Nous sommes à quatre mois des élections municipales qui se dérouleront les 15 et 22 mars prochains. Bien malin, aujourd’hui, celui qui peut en prédire les résultats. Entre les élus locaux et la population, l’ambiance se dégrade, mais pourquoi ? Je vous propose quelques réflexions sur les raisons de cette inquiétante situation.

Au début du mois d’août un drame s’est noué dans une commune du sud de la France. Un maire est décédé dans l’exercice de ses fonctions, écrasé accidentellement, selon la version officielle, par le véhicule d’un contrevenant utilisant un chemin public comme une décharge à gravats !!! C’est évidemment un épouvantable drame qui ne peut être que condamné. Mais les maires ne peuvent pas utiliser cet événement pour s’exonérer des raisons qui font que le peuple s’écarte des édiles locaux.

Que s’est-il passé pour que l’élu le plus estimé des citoyens, le maire, ait rejoint le camp du désamour, pour ne pas dire plus, exprimé à l’endroit des parlementaires, des ministres et même des Présidents de la République ? Les 20 ou 30 dernières années ont vu les missions des maires évoluer, consécutivement aux lois de décentralisation.
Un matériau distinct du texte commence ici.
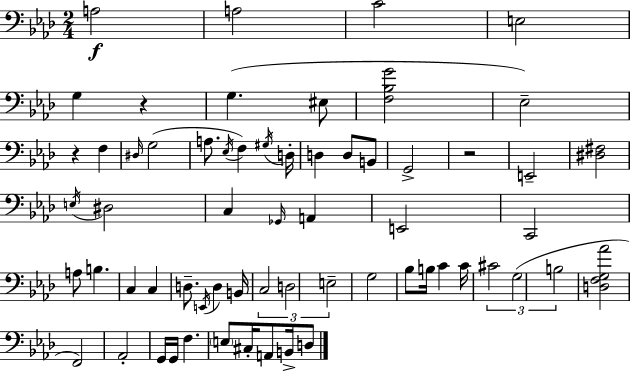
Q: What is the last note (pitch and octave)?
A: D3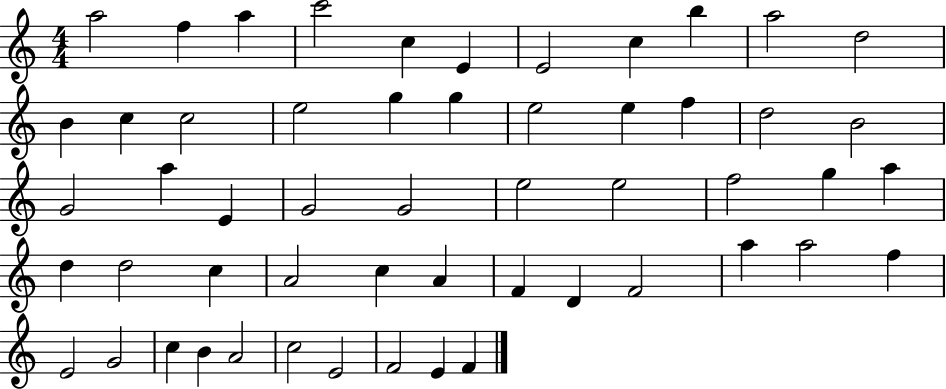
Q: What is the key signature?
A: C major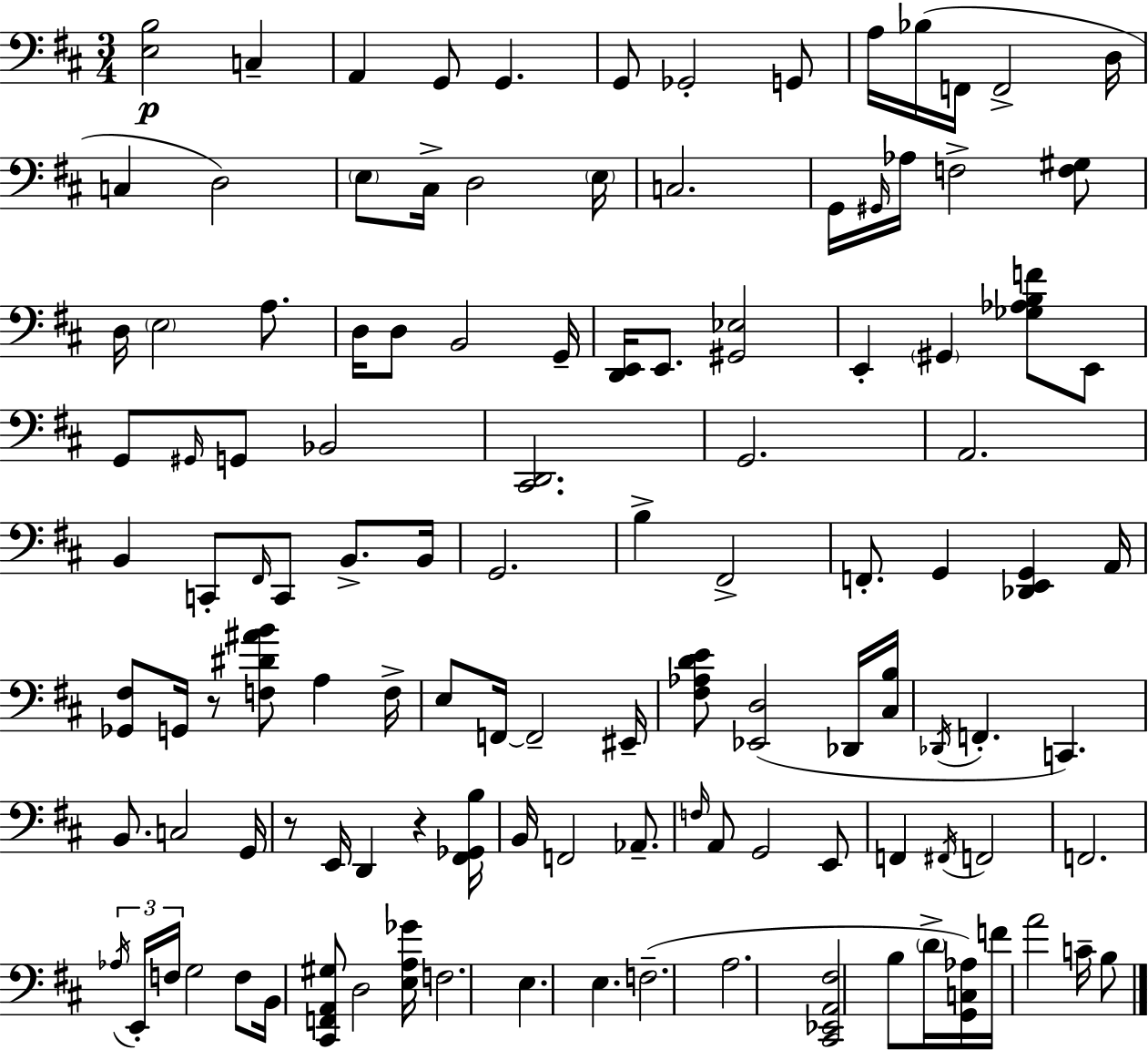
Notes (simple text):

[E3,B3]/h C3/q A2/q G2/e G2/q. G2/e Gb2/h G2/e A3/s Bb3/s F2/s F2/h D3/s C3/q D3/h E3/e C#3/s D3/h E3/s C3/h. G2/s G#2/s Ab3/s F3/h [F3,G#3]/e D3/s E3/h A3/e. D3/s D3/e B2/h G2/s [D2,E2]/s E2/e. [G#2,Eb3]/h E2/q G#2/q [Gb3,Ab3,B3,F4]/e E2/e G2/e G#2/s G2/e Bb2/h [C#2,D2]/h. G2/h. A2/h. B2/q C2/e F#2/s C2/e B2/e. B2/s G2/h. B3/q F#2/h F2/e. G2/q [Db2,E2,G2]/q A2/s [Gb2,F#3]/e G2/s R/e [F3,D#4,A#4,B4]/e A3/q F3/s E3/e F2/s F2/h EIS2/s [F#3,Ab3,D4,E4]/e [Eb2,D3]/h Db2/s [C#3,B3]/s Db2/s F2/q. C2/q. B2/e. C3/h G2/s R/e E2/s D2/q R/q [F#2,Gb2,B3]/s B2/s F2/h Ab2/e. F3/s A2/e G2/h E2/e F2/q F#2/s F2/h F2/h. Ab3/s E2/s F3/s G3/h F3/e B2/s [C#2,F2,A2,G#3]/e D3/h [E3,A3,Gb4]/s F3/h. E3/q. E3/q. F3/h. A3/h. [C#2,Eb2,A2,F#3]/h B3/e D4/s [G2,C3,Ab3]/s F4/s A4/h C4/s B3/e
La décentralisation pouvait avoir un intérêt à la condition que cela ne soit pas une manière pour l’Etat de se décharger des responsabilités qu’il assumait dans le passé. La prédominance du néolibéralisme pratiqué par tous les gouvernements aux affaires sous la 5ième République a placé les maires en première ligne. Cette politique appauvrissant une partie de plus en plus grande de la population, vidant la ruralité de son attractivité et faisant de la majorité des périphéries de villes des zones de non-droit, les maires sont devenus aux yeux des citoyens des responsables de cette décadence au même titre que les parlementaires et l’exécutif.
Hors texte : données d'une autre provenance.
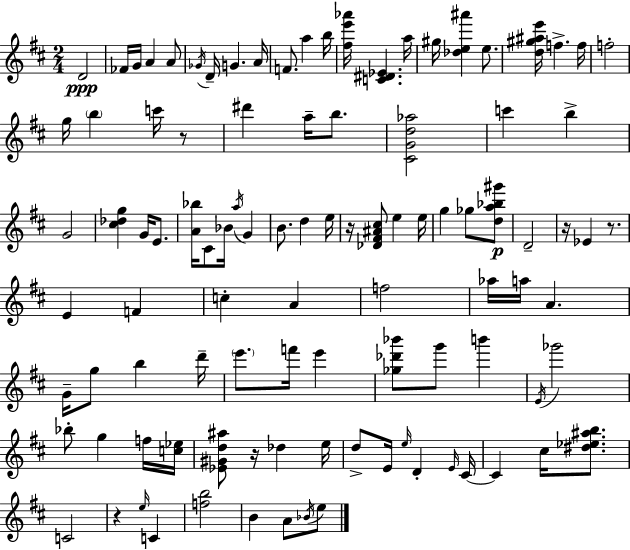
{
  \clef treble
  \numericTimeSignature
  \time 2/4
  \key d \major
  d'2\ppp | fes'16 g'16 a'4 a'8 | \acciaccatura { ges'16 } d'16-- g'4. | a'16 f'8. a''4 | \break b''16 <fis'' e''' aes'''>16 <c' dis' ees'>4. | a''16 gis''16 <des'' e'' ais'''>4 e''8. | <d'' gis'' ais'' e'''>16 f''4.-> | f''16 f''2-. | \break g''16 \parenthesize b''4 c'''16 r8 | dis'''4 a''16-- b''8. | <cis' g' d'' aes''>2 | c'''4 b''4-> | \break g'2 | <cis'' des'' g''>4 g'16 e'8. | <a' bes''>16 cis'8 bes'16 \acciaccatura { a''16 } g'4 | b'8. d''4 | \break e''16 r16 <des' fis' ais' cis''>8 e''4 | e''16 g''4 ges''8 | <d'' a'' bes'' gis'''>8\p d'2-- | r16 ees'4 r8. | \break e'4 f'4 | c''4-. a'4 | f''2 | aes''16 a''16 a'4. | \break g'16-- g''8 b''4 | d'''16-- \parenthesize e'''8. f'''16 e'''4 | <ges'' des''' bes'''>8 g'''8 b'''4 | \acciaccatura { e'16 } ges'''2 | \break bes''8-. g''4 | f''16 <c'' ees''>16 <ees' gis' d'' ais''>8 r16 des''4 | e''16 d''8-> e'16 \grace { e''16 } d'4-. | \grace { e'16 } cis'16~~ cis'4 | \break cis''16 <dis'' ees'' ais'' b''>8. c'2 | r4 | \grace { e''16 } c'4 <f'' b''>2 | b'4 | \break a'8 \acciaccatura { bes'16 } e''8 \bar "|."
}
Au fil du temps, les maires ont fait le choix de privilégier leurs relations avec les parlementaires au détriment de leur proximité avec la population. La réserve parlementaire n’a pas été pour rien dans ce changement de pied ! Pour faire face à la pingrerie de l’Etat, obnubilé par les critères de convergence européiste, en matière de dotation aux collectivités locales, les édiles locaux ont vu un intérêt à solliciter la réserve parlementaire, d’où leur rapprochement, parfois équivoque, avec les députés et les sénateurs. Même si la « réserve parlementaire » n’existe plus, le mal est fait.
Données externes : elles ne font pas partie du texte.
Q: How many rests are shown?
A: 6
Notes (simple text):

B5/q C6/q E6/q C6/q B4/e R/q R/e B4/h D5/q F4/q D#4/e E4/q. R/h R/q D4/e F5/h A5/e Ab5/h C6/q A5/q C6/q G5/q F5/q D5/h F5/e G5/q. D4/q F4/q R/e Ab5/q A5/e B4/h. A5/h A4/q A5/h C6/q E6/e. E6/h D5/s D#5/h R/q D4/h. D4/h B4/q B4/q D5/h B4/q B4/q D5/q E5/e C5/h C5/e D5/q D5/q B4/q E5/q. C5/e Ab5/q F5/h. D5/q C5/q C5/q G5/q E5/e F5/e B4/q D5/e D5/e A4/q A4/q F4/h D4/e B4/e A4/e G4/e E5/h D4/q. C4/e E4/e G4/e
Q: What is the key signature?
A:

Avec la suppression de la taxe d’habitation, la situation risque de ne pas s’arranger. Le rendu de ce produit fiscal, soustrait aux collectivités locales, risque d’être transformé en bon à tirer auprès de l’Etat. Ce processus, s’il se mettait en place, placerait encore davantage le maire en position de vassal de l’Etat éloignant, par là même, l’édile des citoyens. Les populations pourraient être indulgentes si les maires avaient résisté à ces évolutions contraires aux principes d’une République égalitaire en droits. Au contraire, ils se sont précipités dans cette évolution, aspirant vraisemblablement à devenir les futurs seigneurs des nouvelles baronnies, les intercommunalités par exemple.Ledit « Grand débat » du 15 janvier dernier dans l’Eure a été révélateur de cette évolution de type monarchique, le prince, pas encore roi, exerçant un numéro de séduction pour s’attirer les grâces de la cour, les élus locaux.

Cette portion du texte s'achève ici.